Non vuole togliersi la maglia, ribadisce la sua volontà in maniera interrogativa «La devo togliere anche io?». E così chiedendo, si avvicina al tunnel degli spogliatoi. Il suo parlare è concitato, sovrastato dal coro di urla in sottofondo: allora viene issato da uno dei rappresentati del corpo-curva e stretto in un abbraccio catartico.

Quel conciliabolo racchiude il teatrale non detto per gli spettatori: quello che non sapremo mai, anche se l’evidenza della confabulazione all’orecchio non può non rimandarci ancora una volta a Shakespeare. In questo caso all’Amleto, dal momento che il Re Claudio uccise suo padre versandogli il veleno fatale proprio nell’orecchio.

È una stretta veloce ma forte che descrive un mondo arcaico assolutamente etero normato e socialmente certificato, attraverso il quale si palesa quel ritualismo che, in un continuo gioco di rimandi, questa volta ci permette di tornare al mondo che conosciamo. Qui, dove il cambiamento è concepito solo come momentaneo e straniante. E così, nell’orecchio di Beppe vengono detti i segreti della finzione teatrale.


ULTIMO ATTO


Marco Rossi riacquista i gradi di capitano e riconsegna le maglie ai compagni, un gesto che simboleggia la pax-ultras raggiunta: la partita può ricominciare. I due piani sono stati sciolti al punto che, in quei restanti 37 minuti di gioco, il Genoa segna (autorete di Del Grosso quasi un gesto di ringraziamento per lo scampato pericolo). É il ritorno all’ordine, dove la sconfitta è accetta solo se la rabbia può essere sfogata, non repressa e teatralmente performata. Il colpo di teatro del corpo-curva è servito più ai suoi attori che non al calcio.

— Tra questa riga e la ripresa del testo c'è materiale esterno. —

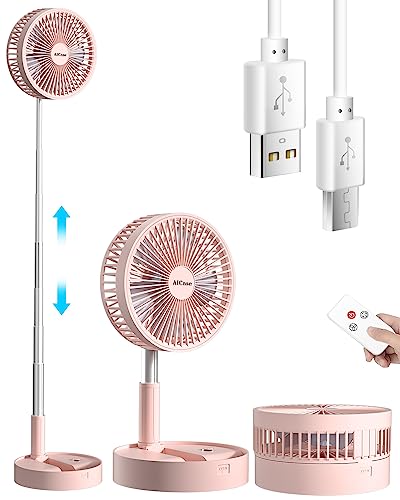 AICase Stand Fan (pink)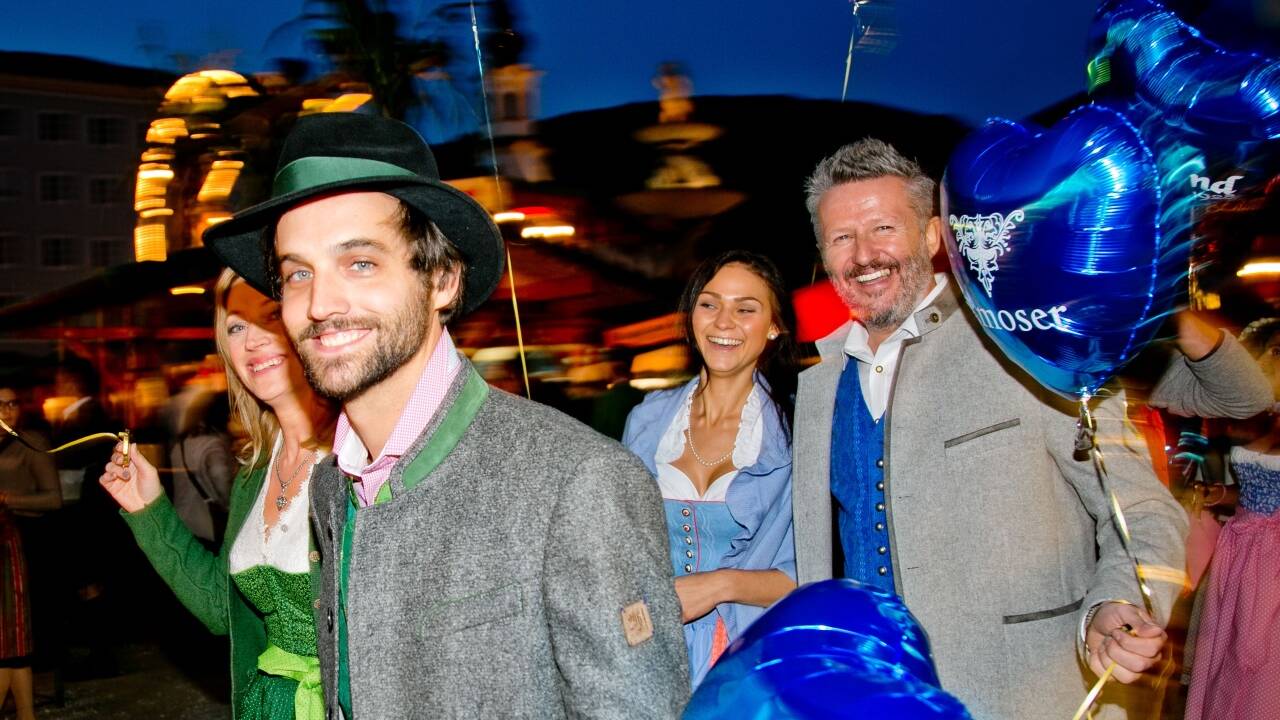 Auch sie machten bei der Wahl zum Rupertidirndl und Rupertibua mit. 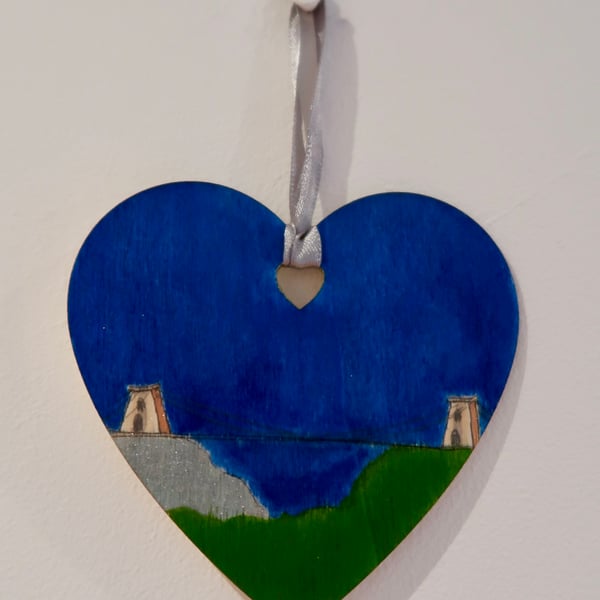 One-off Watercolour of the Clifton Suspension Bridge, Bristol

Il mondo reale, scandito dai processi che hanno seguito la vicenda, ha poi dimostrato tutta la durezza della realtà che riprende il pieno controllo degli eventi e del corso della storia dopo il momentaneo sbandamento. Solo la possibilità di una lettura altra, performativa e teatrale, ci ha potuto regalare una versione diversa, in grado di toccare il nostro animo (o per lo meno quello di chi scrive), portandoci a riflettere su elementi simbolici e non contingenti come la questione della legittimazione del potere, la divisione dei ruoli, il valore dell’identità e i limiti della protesta.